[WHAT IS BEING ASKED]: In the entries that follow, repeat exactly the lines from the one that has "Image de Massi" through the one that has "Veronicajazz webcam", but omit pictures.

(MATERIAL PROVIDED begins)

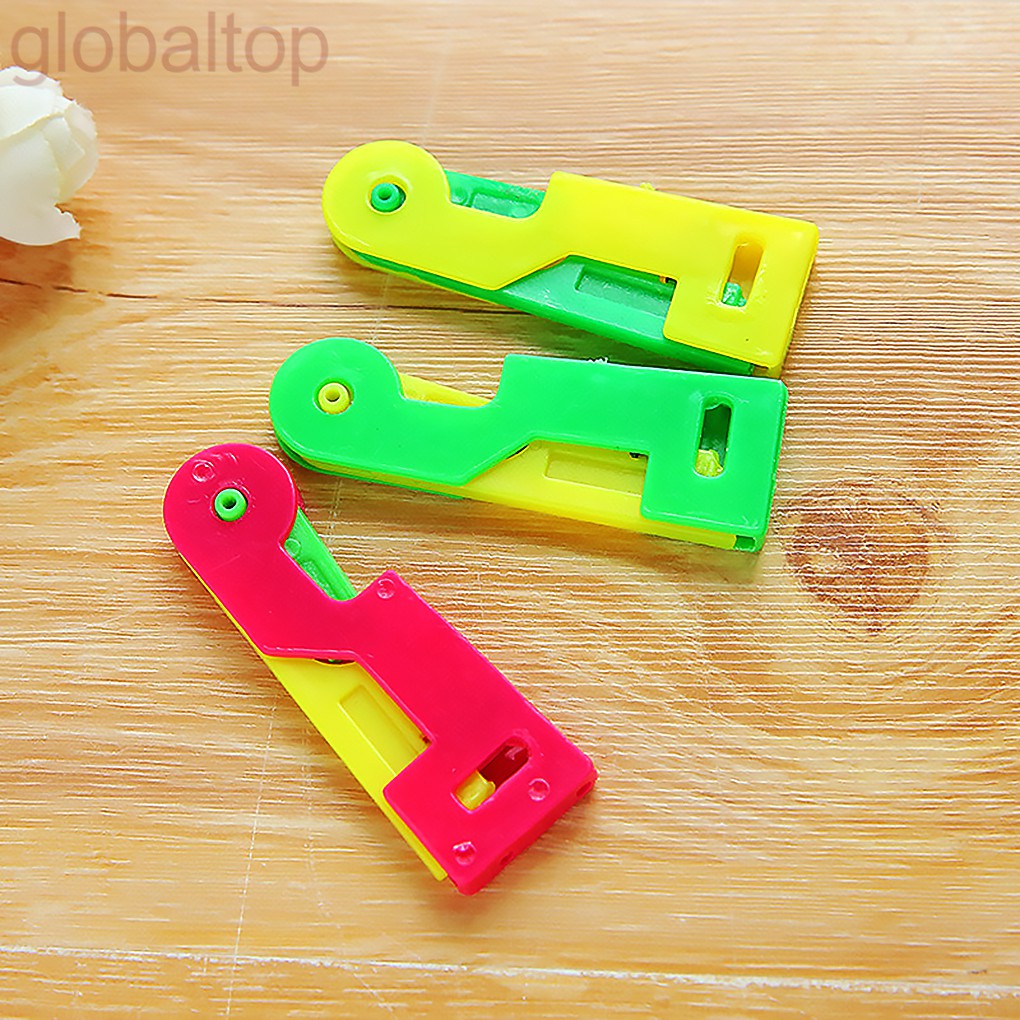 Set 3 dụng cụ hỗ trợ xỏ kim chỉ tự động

(MATERIAL PROVIDED ends)
(MATERIAL PROVIDED begins)

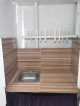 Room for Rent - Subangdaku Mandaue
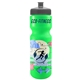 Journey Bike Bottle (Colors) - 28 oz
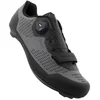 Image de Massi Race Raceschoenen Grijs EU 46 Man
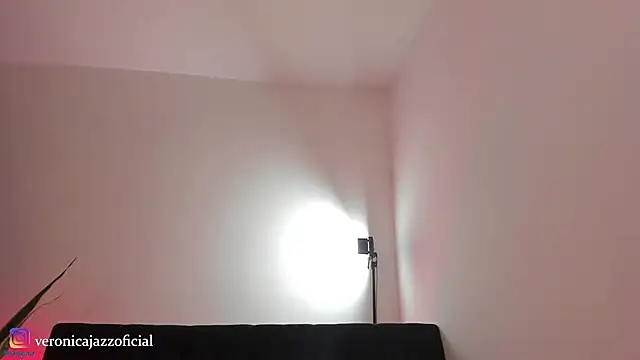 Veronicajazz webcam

(MATERIAL PROVIDED ends)

[WRITTEN REPLY]:
 Image de Massi Race Raceschoenen Grijs EU 46 Man
 Veronicajazz webcam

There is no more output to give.